*Task objective*
Please output exactly the lines below, starting at the line that has "Myflat Club 218" and ending at the line that has "fig 1. AN ANTIQUE", both included; leave out all pictures and include nothing else.
[Opening Dataset content section]
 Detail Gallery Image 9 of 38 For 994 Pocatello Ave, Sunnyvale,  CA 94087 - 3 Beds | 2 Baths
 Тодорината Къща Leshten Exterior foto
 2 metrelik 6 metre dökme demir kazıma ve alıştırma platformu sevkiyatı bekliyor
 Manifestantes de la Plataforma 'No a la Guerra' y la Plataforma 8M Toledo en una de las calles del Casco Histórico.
[Closing Dataset content section]
[Opening Dataset content section]
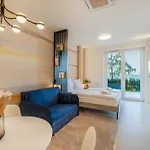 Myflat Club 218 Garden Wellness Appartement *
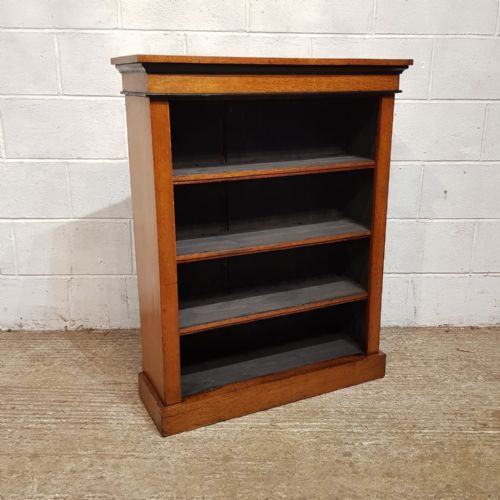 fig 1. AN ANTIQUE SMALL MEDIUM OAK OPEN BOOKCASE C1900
[Closing Dataset content section]
*Expected answer*
 Myflat Club 218 Garden Wellness Appartement *
 fig 1. AN ANTIQUE SMALL MEDIUM OAK OPEN BOOKCASE C1900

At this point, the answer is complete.